I watch the gas station attendant feed gas into a blue Subaru and then see the lights in a Starbucks shut off all of a sudden and watch a hooker stand on the corner and she walks down a side street when she obviously sees us and the cops I can tell saw her too because in the front they crack jokes about this derelict woman, and about what she is, and this makes me mad as she probably needs the cash, maybe to feed her two crying babies she’s got at home, but then she shouldn’t have had the babies in the first place but at the same time I feel guilty for thinking so negatively about her and I wonder what her name is and I know I’ll never know and then the cruiser stops.

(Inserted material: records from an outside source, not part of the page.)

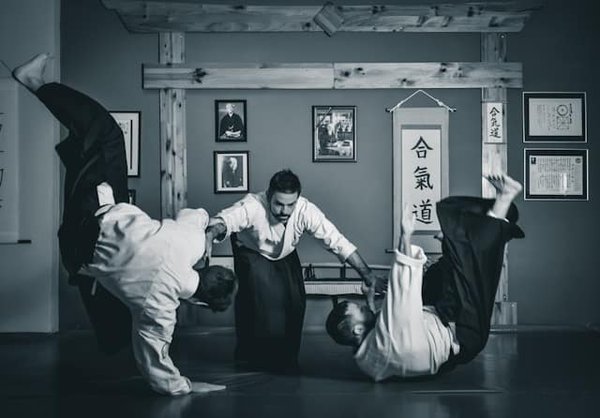Quels sont les avantages psychologiques de l'entraînement régulier en Aikido pour les professionnels du secteur de la santé?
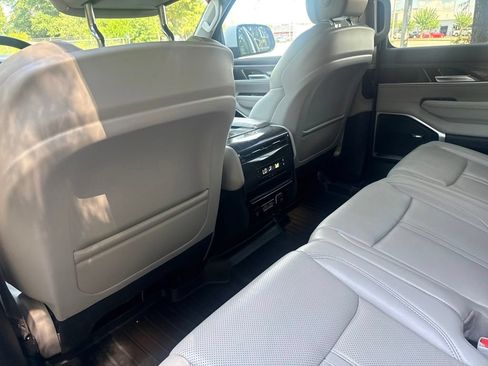 Used 2022 Jeep Wagoneer Series II RWD image 16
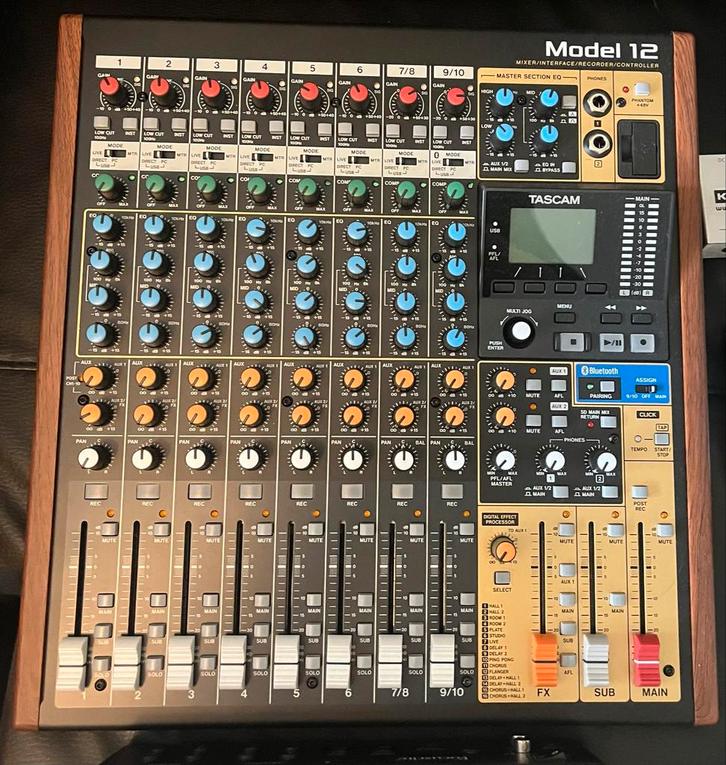 Tascam Model 12 Mixer/Recorder - Topstaat!, Muziek en Instrumenten, Mengpanelen, Zo goed als nieuw, 10 tot 20 kanalen, Microfooningang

I shift my gaze nervously and to our sides, out the windows, are boarded-up buildings, and through the front windshield I see a dead end, blocked off by a short fence and beyond it are woods and what the fuck!
This can’t be good.
I, for the first time this whole ride, look at Sara and her jaw is moving, I know this from the way her bone pokes through her cheek and then her cheek deflates and she does it again, and I look in the front, but… where’d they go?
I hear a click which steals my focus to the door and it opens on my side and on Sara’s side and the second cop is standing right outside, still smiling like a madman.
I look over at Sara and past her is Kane and he says to her, Get out.
Sara’s jaw moves faster and I hear the sound of her teeth grinding, or maybe that’s mine, I don’t know.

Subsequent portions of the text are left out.